(Image-text web data)
*****
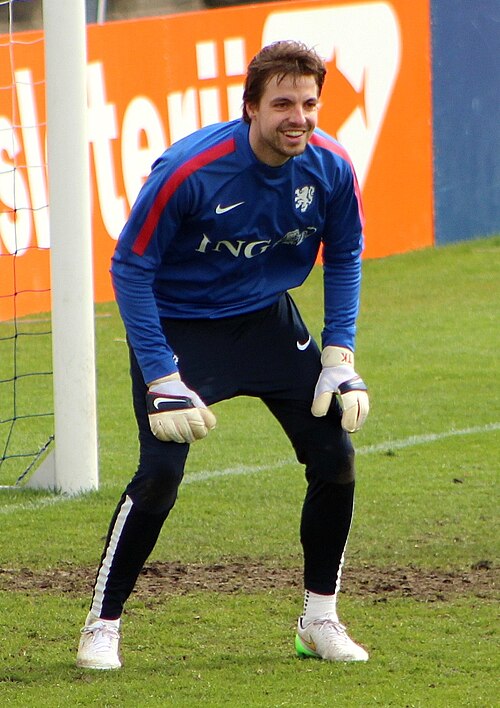 File:Tim Krul 2015.jpg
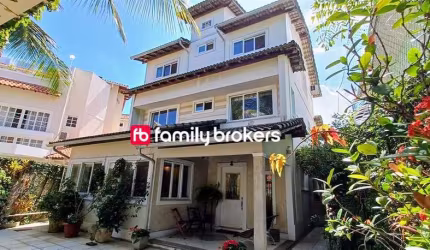 CONDOMÍNIO JARDIM CLUBE BARRA: CASA TRIPLEX COM 5 QUARTOS | 289 M² | 3 VAGAS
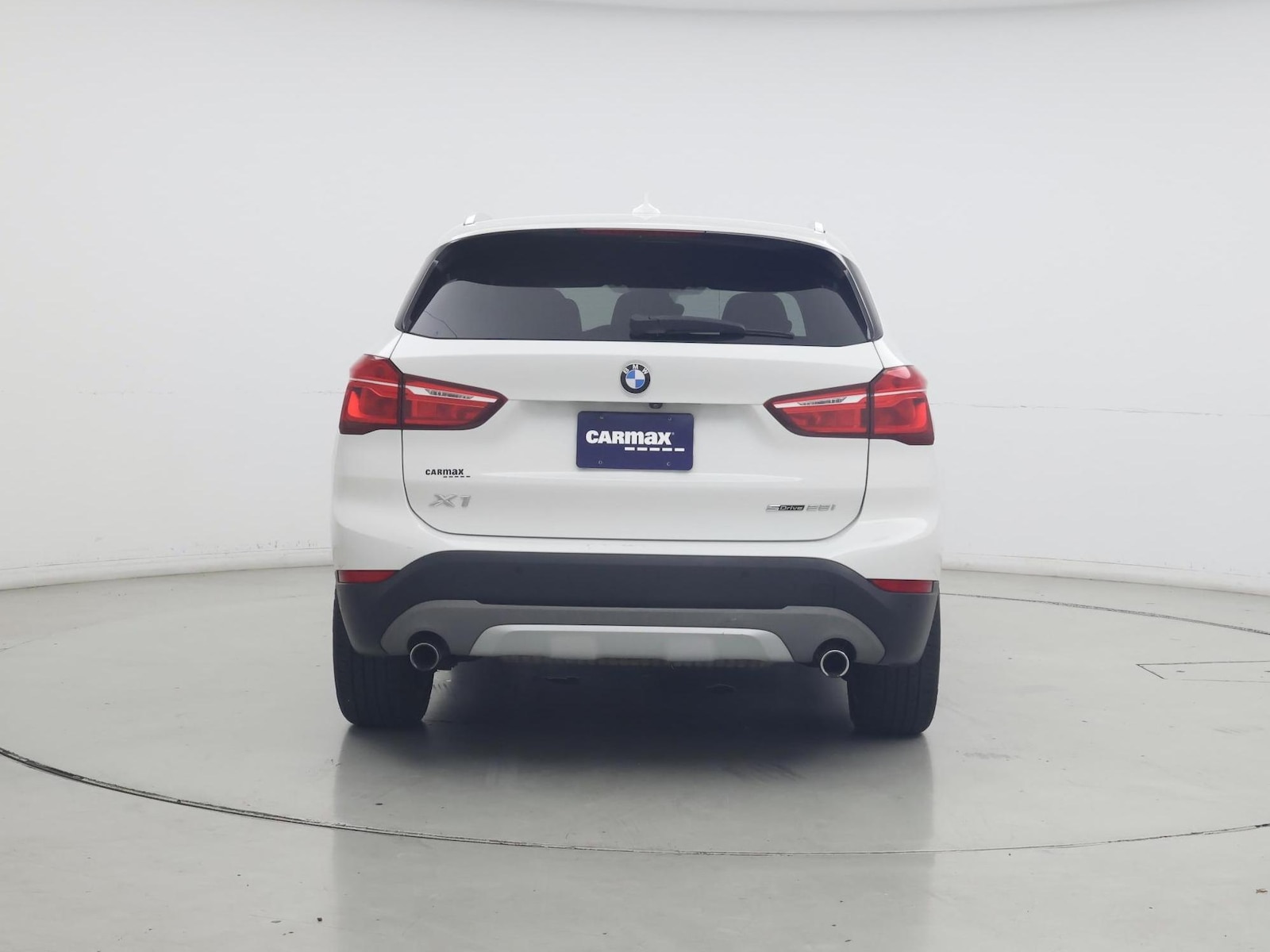 2018 BMW X1 28i - Photo 7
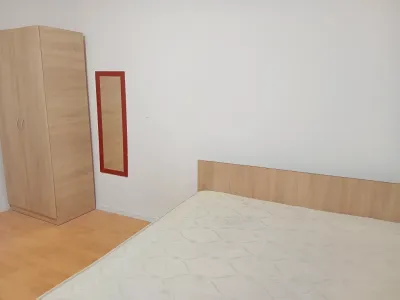 inchiriere garsoniera Sector 6 București dormitor mobilat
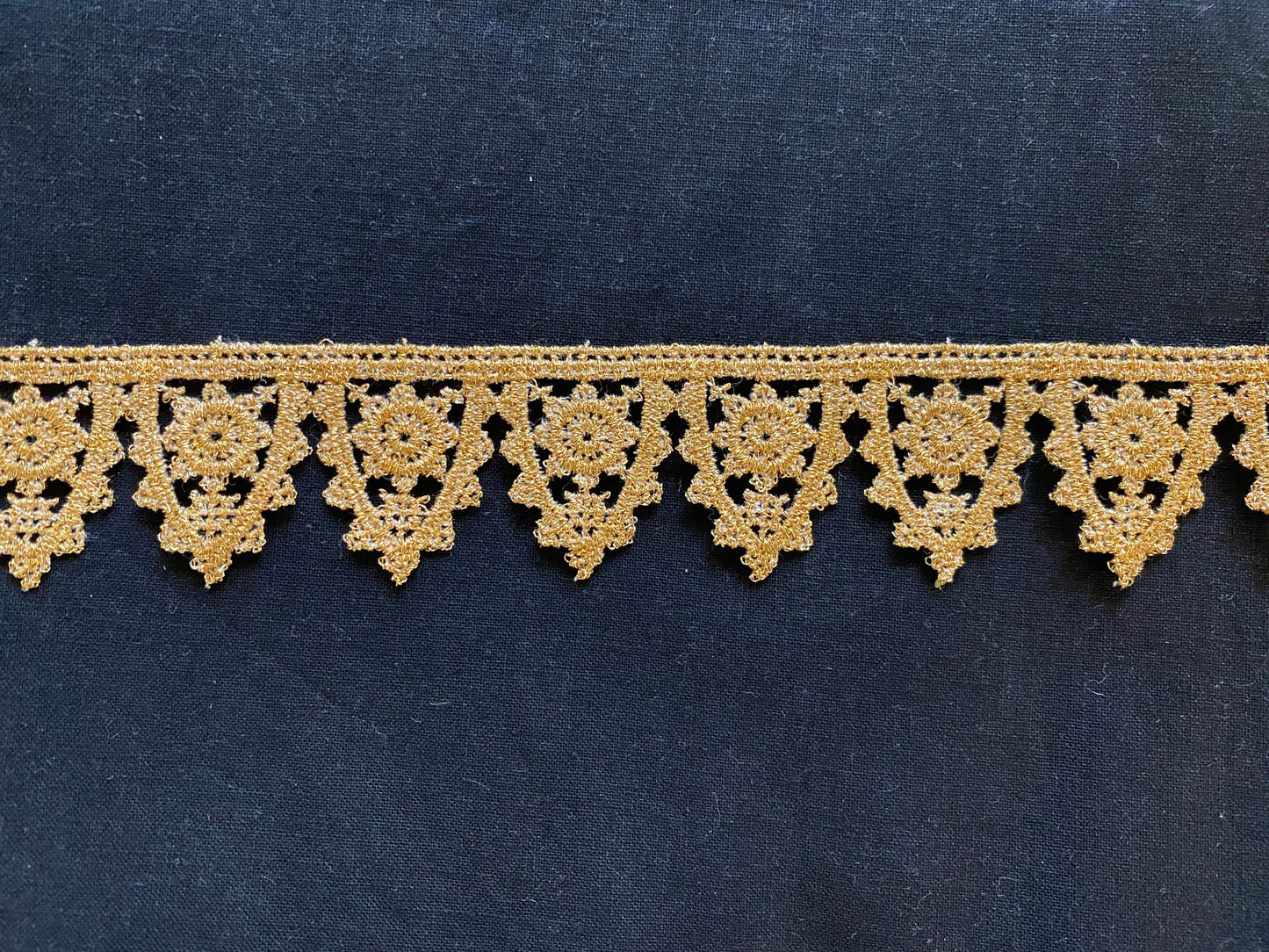 Tudor style bright gold pointed scallop lace for Renaissance or Elizabethan reenactment, 1 1/4" (32mm) - sold by the half yard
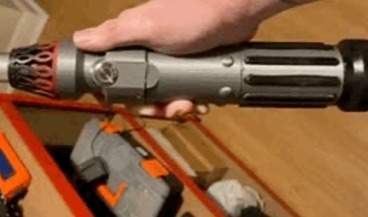 使用SolidWorks的去设计星球大战的光剑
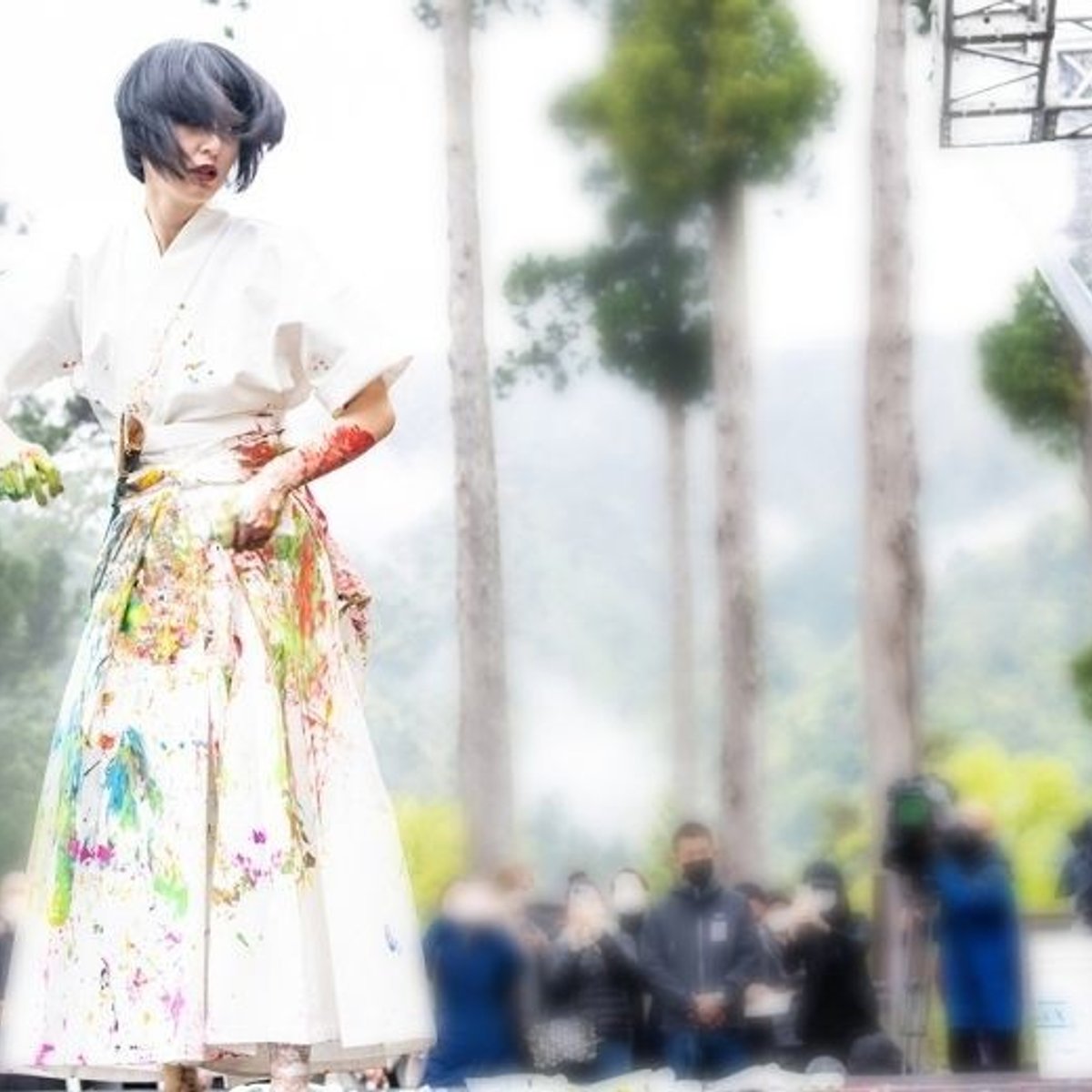 身延山久遠寺が祈りに包まれた、小松美羽のライブペインティング。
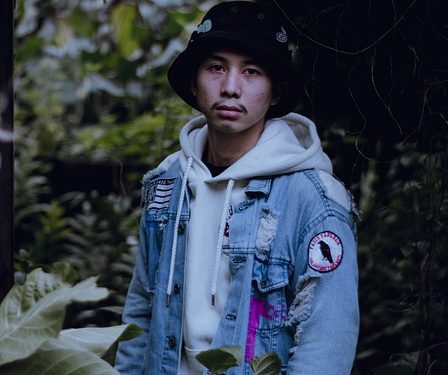 The Power of Accessories: Adding Flair to Men’s Casual Outfits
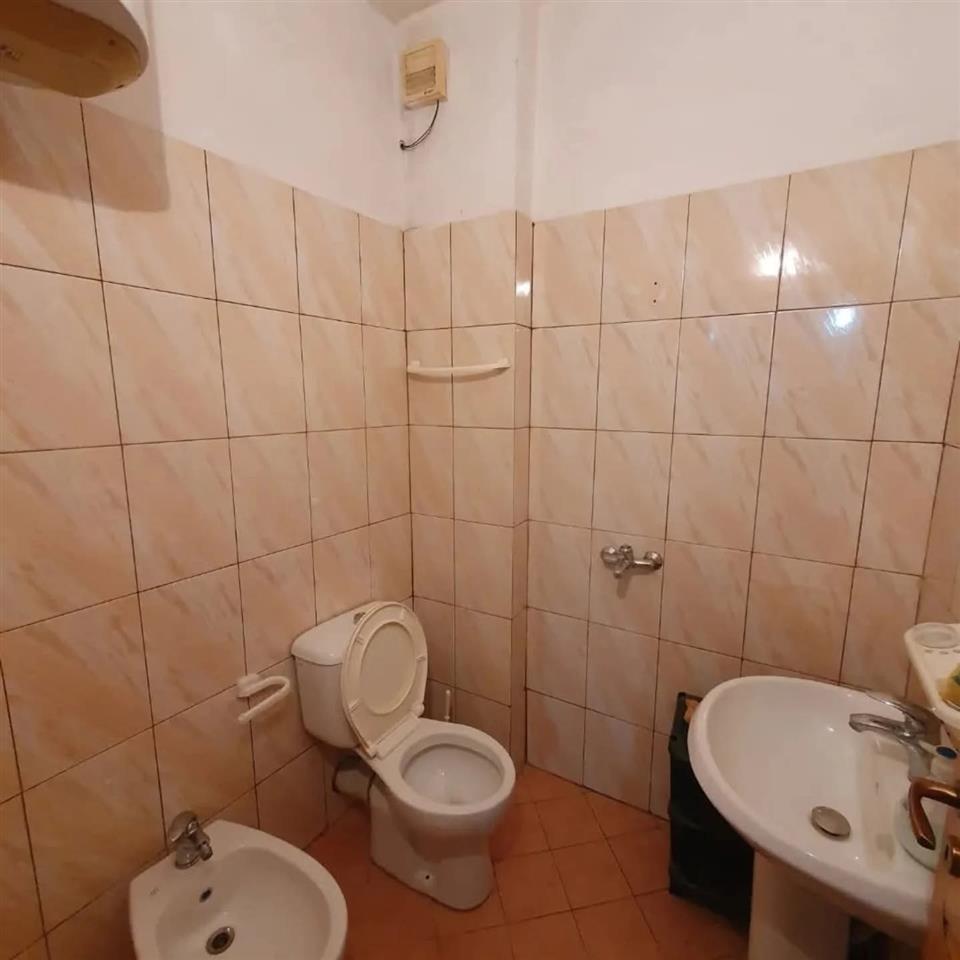 Apartament me qera 2+1+2 ne Lungomare Vlore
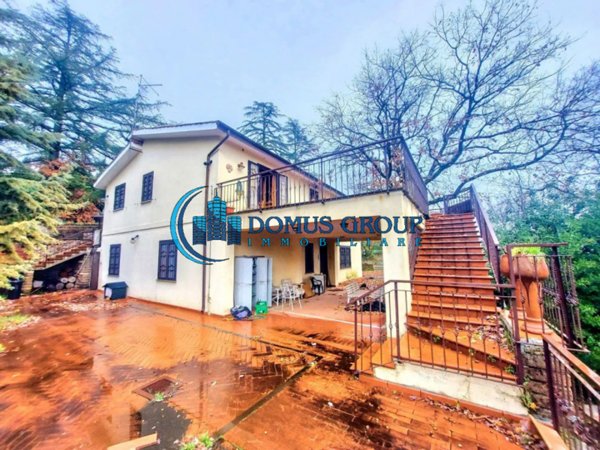 casa indipendente in vendita a Sutri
*****
**What you are asked to do**
Each line from the line containing "inchiriere garsoniera Sector" through the final line of the data above must be retyped exactly; nothing else, and no pictures, may appear.

**Result**
 inchiriere garsoniera Sector 6 București dormitor mobilat
 Tudor style bright gold pointed scallop lace for Renaissance or Elizabethan reenactment, 1 1/4" (32mm) - sold by the half yard
 使用SolidWorks的去设计星球大战的光剑
 身延山久遠寺が祈りに包まれた、小松美羽のライブペインティング。
 The Power of Accessories: Adding Flair to Men’s Casual Outfits
 Apartament me qera 2+1+2 ne Lungomare Vlore
 casa indipendente in vendita a Sutri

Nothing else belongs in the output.